If we really are headed towards a Post-Christian America, what are we Christians supposed to do about that? People who grew up in the Church feel threatened, so our posture often becomes defensive. Our natural inclination is to think in terms of building fortresses to protect what’s dear to us. And while I have empathy for those with the fortress mentality, it feels short-sighted and wrong-headed. Like the Maginot Line in the Second World War. In many ways, honestly, the current state of the Church reminds me of France between the two World Wars (or maybe after the opening stage of the Second World War). We are in a fight for survival, and our enemies are powerful. But drawing “Maginot Lines in the sand” isn’t going to help anyone. Instead, I wonder if the Church would do better to embrace a resistance mindset.
I’ve been wondering about this for a while now. All the way back to my Amsterdam years, in fact.

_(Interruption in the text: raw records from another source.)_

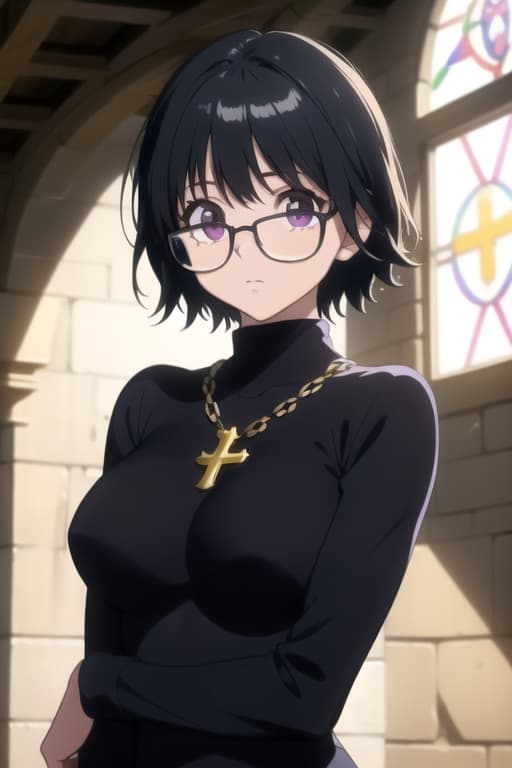 Shizuku Murasaki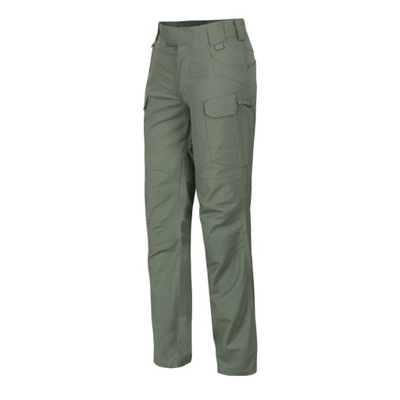 Spodnie Helikon-Tex WOMEN'S UTP Resized Urban Tactical Pants Olive W29/L30
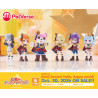 PRE ORDER - BanG Dream! - Pack 6 figures PalVerse Hello, Happy World!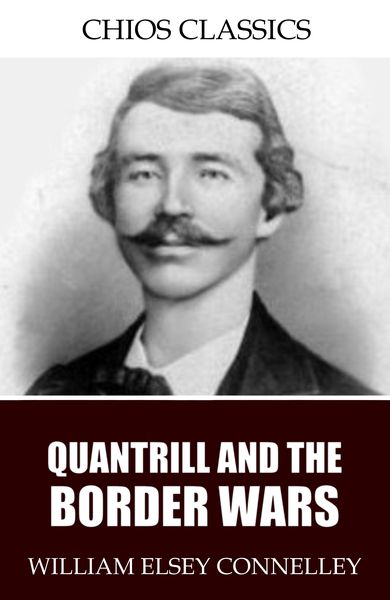 Produktbild: Quantrill and the Border Wars
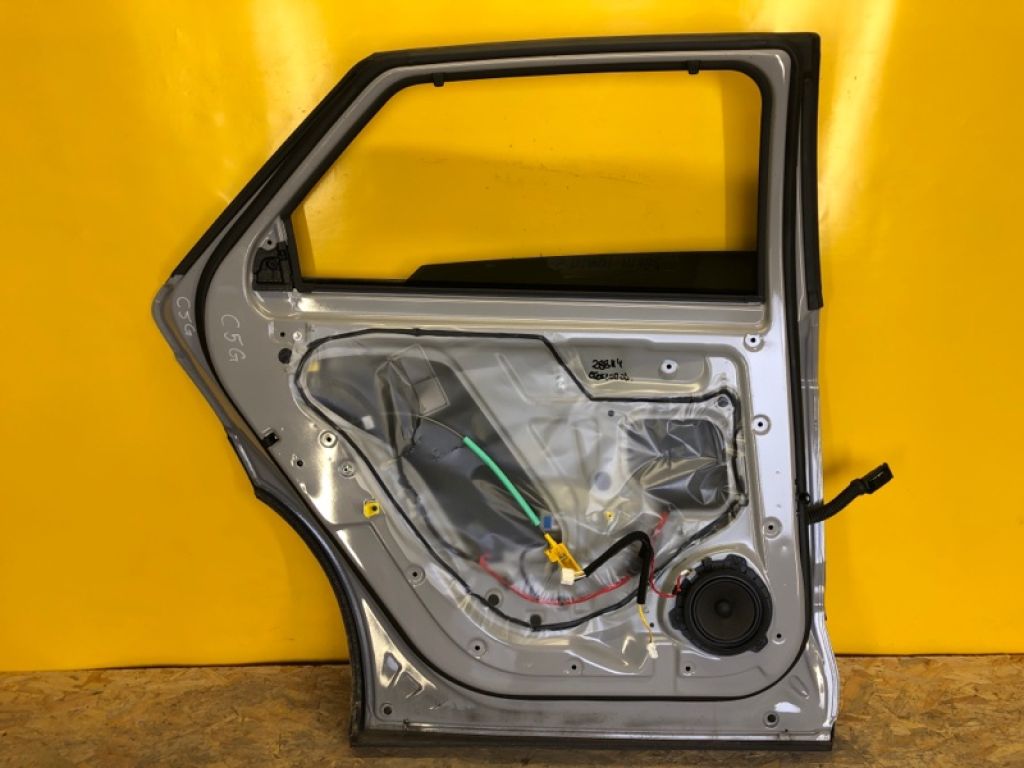 77003-GI000 | Двері задн. лів. HYUNDAI IONIQ 5 21- - Фото 8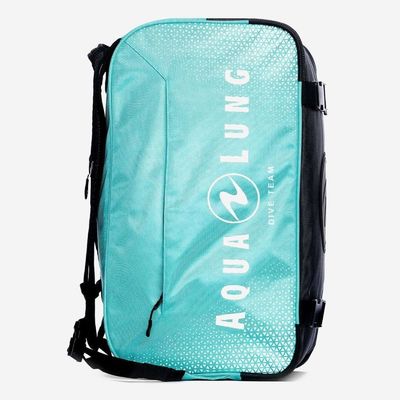 Aqualung Explorer II Duffel- Travel Ready Bag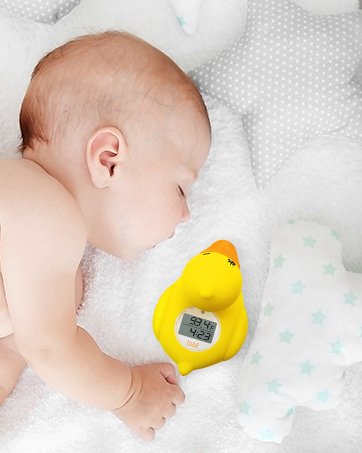 Baby Thermometer duck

While our family was doing ministry in Europe, it seemed clearer that Christian culture had already been outflanked. There was no option for “Strong fortifications” (or even “Weak fortifications”). Christians were already inextricably intermingled with Atheists, and Muslims, and Communists, and every other sort of worldview. But we didn’t give up and just become “collaborators” with the “occupying forces.” Instead, we worked as underground freedom fighters. We used whisper campaigns and relational networks to maintain hope and identity. We learned how to connect with allies and work together for small victories along the way. And we kept the faith, keeping our eyes on a Liberation Day at some uncertain point on the horizon.
Can the American Church adopt a similar mindset? I don’t know. The fortress mentality is far more enmeshed in this context. We tend to think in terms of systems and structures and political organization. We build our identity around issues and affiliations. But it doesn’t have to be that way.
God regularly works through the “weak” and the disadvantaged. We don’t have to control culture in order to influence it. So, maybe it’s time to stop drawing our “Maginot Lines in the Sand.” Maybe it’s time to take the battle house to house, street corner to street corner, under the cover of darkness when needed. If we can just accept the fact that we’re living in “Vichy France,” we can use our energy in a lot of creative, meaningful ways. And we can keep looking forward to the great Liberation Day in Jesus.